What to produce: Apart from the images, the records below need to be copied exactly.
>>>
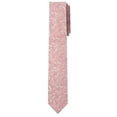 thumbnail image 2 of Jacob Alexander Men's Floral 2.75 inch Width Slim Neck Tie - Dusty Rose, 2 of 7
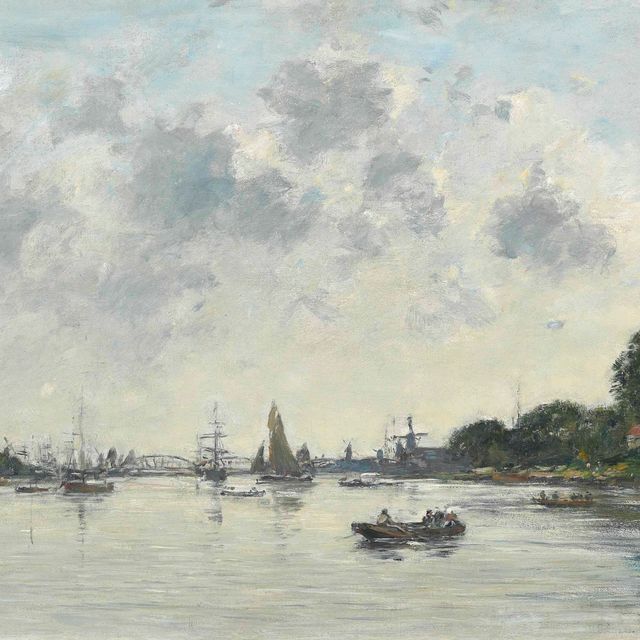 Eugène Boudin — Дордрехт. Ла-Маас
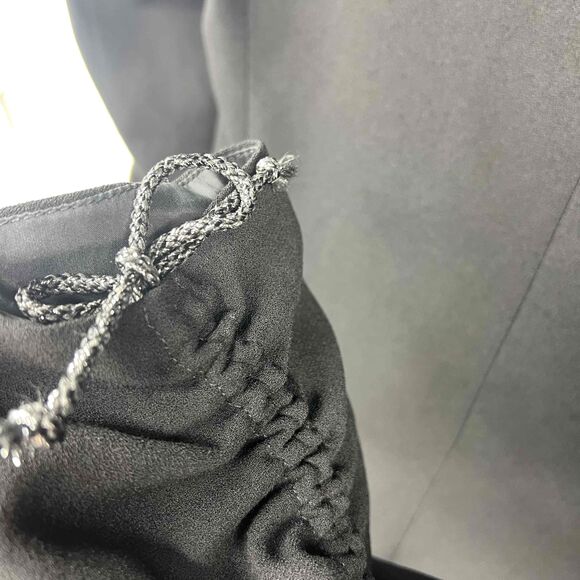 Maje Single-Button Notched Lapel Flap Pockets Blazer Womens Black Size 36 Small - Picture 3 of 7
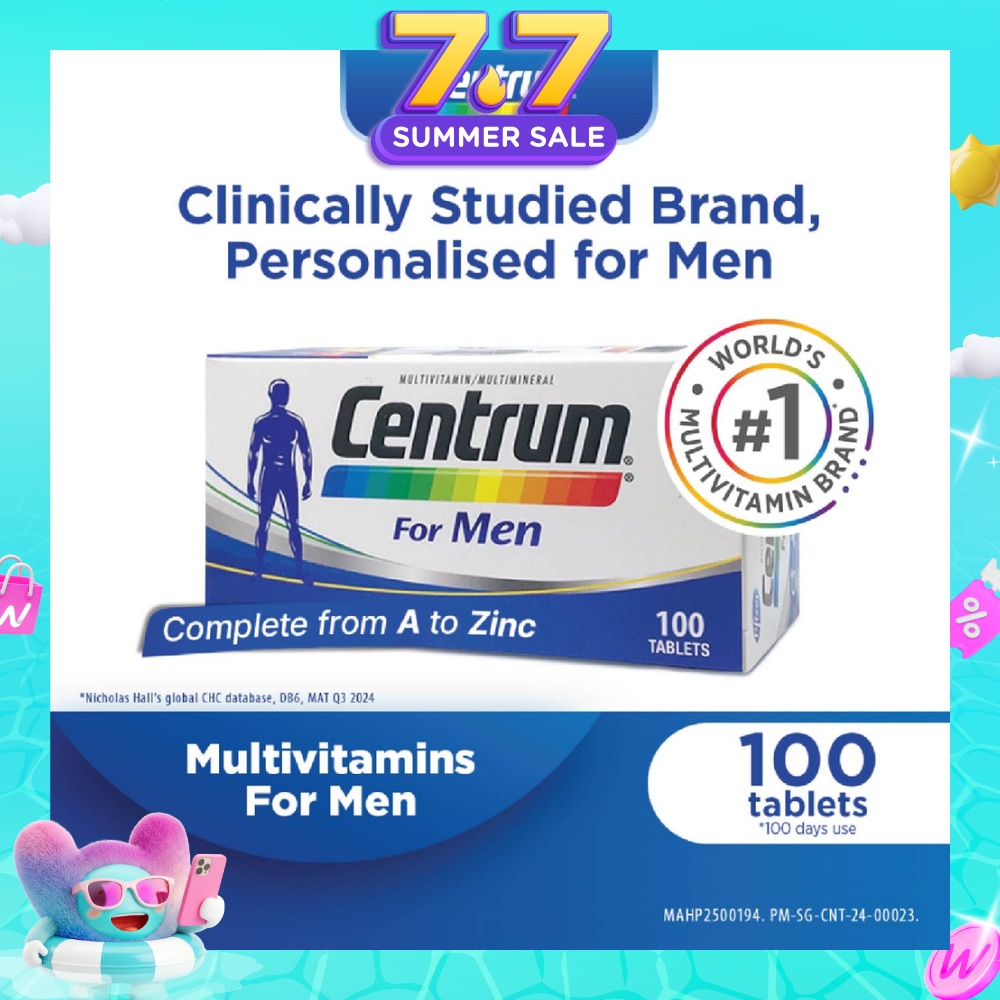 Multivitamin & Multimineral Tablet for Men (Complete from A to Zinc) 100s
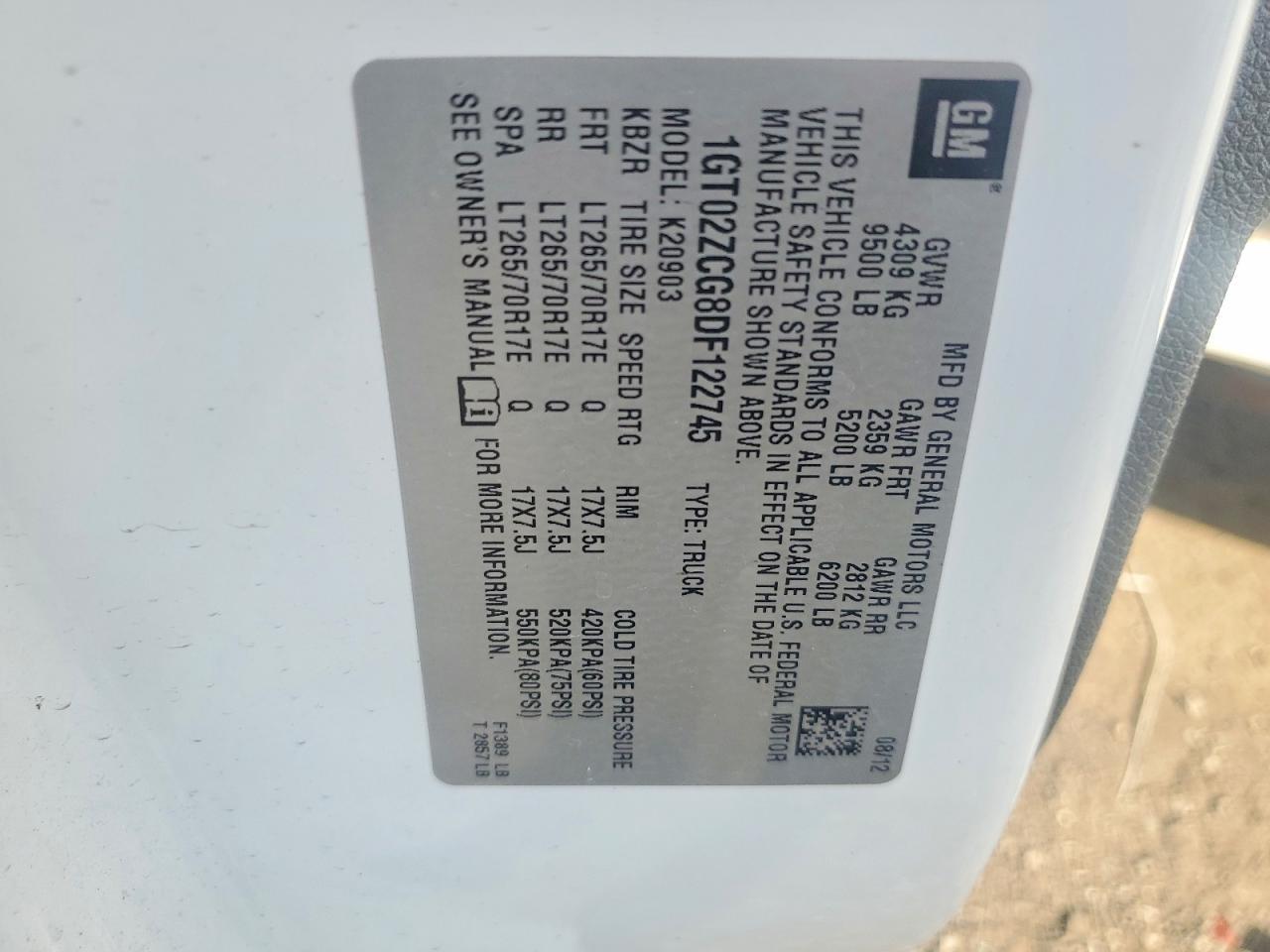 2013 GMC Sierra K2500 Heavy Duty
<<<
Exercise response:
 thumbnail image 2 of Jacob Alexander Men's Floral 2.75 inch Width Slim Neck Tie - Dusty Rose, 2 of 7
 Eugène Boudin — Дордрехт. Ла-Маас
 Maje Single-Button Notched Lapel Flap Pockets Blazer Womens Black Size 36 Small - Picture 3 of 7
 Multivitamin & Multimineral Tablet for Men (Complete from A to Zinc) 100s
 2013 GMC Sierra K2500 Heavy Duty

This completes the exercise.